** Given records **

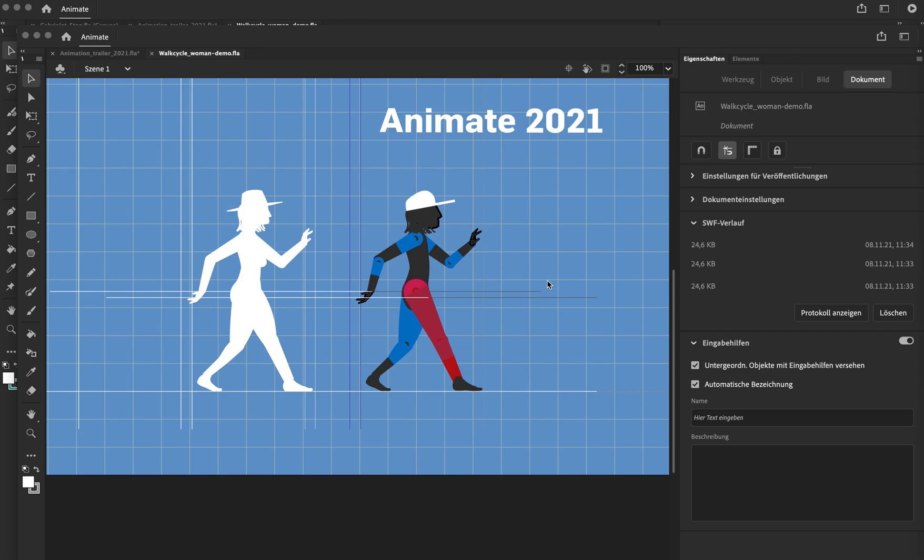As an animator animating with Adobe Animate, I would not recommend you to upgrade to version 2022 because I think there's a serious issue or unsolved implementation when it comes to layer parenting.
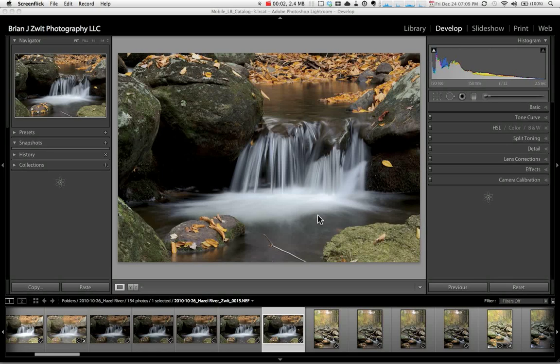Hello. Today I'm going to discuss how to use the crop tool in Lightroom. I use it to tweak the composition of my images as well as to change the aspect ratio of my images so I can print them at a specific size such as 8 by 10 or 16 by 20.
* * *
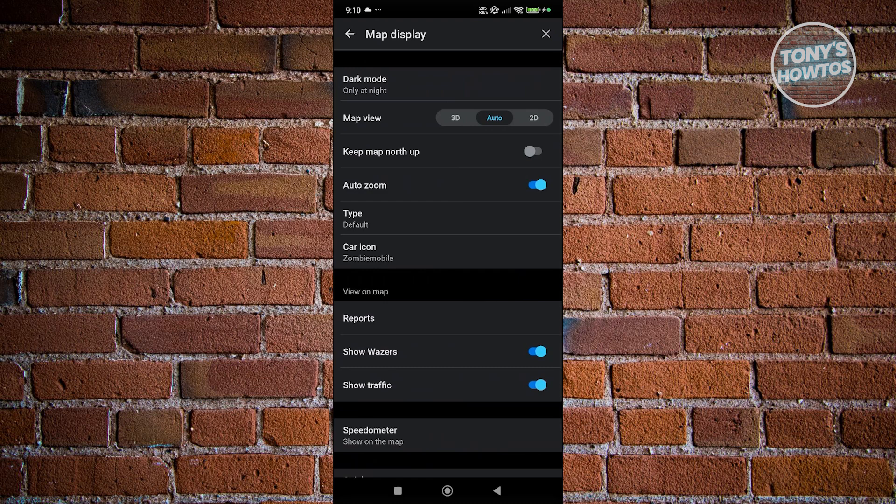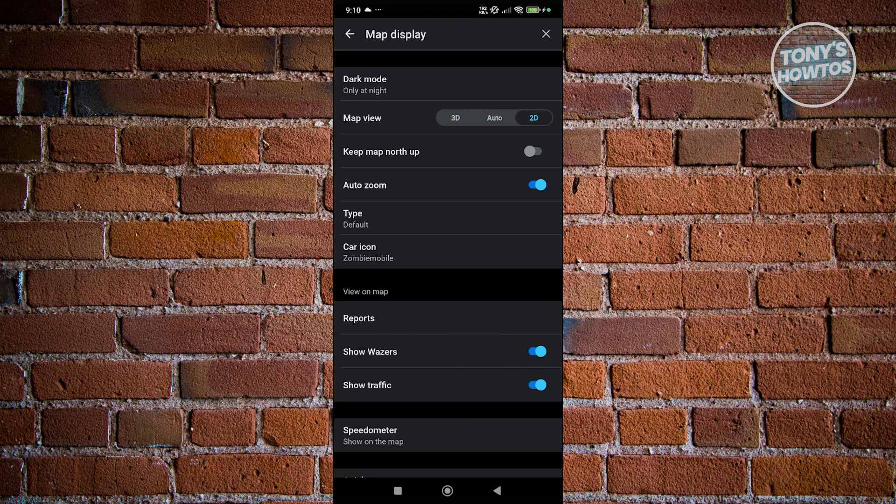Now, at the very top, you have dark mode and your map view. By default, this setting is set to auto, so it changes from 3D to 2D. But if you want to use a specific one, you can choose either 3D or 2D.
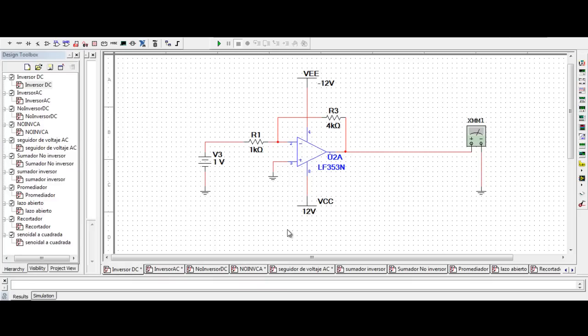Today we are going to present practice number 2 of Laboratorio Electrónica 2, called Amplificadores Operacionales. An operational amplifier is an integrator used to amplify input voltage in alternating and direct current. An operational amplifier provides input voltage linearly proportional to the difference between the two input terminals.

** Work required **
From the records above, write out exactly the lines that begin at the line with "Now, at the" and end at the line with "Today we are". Pictures must not appear in the output.

** Answer to this task **
Now, at the very top, you have dark mode and your map view. By default, this setting is set to auto, so it changes from 3D to 2D. But if you want to use a specific one, you can choose either 3D or 2D.
Today we are going to present practice number 2 of Laboratorio Electrónica 2, called Amplificadores Operacionales. An operational amplifier is an integrator used to amplify input voltage in alternating and direct current. An operational amplifier provides input voltage linearly proportional to the difference between the two input terminals.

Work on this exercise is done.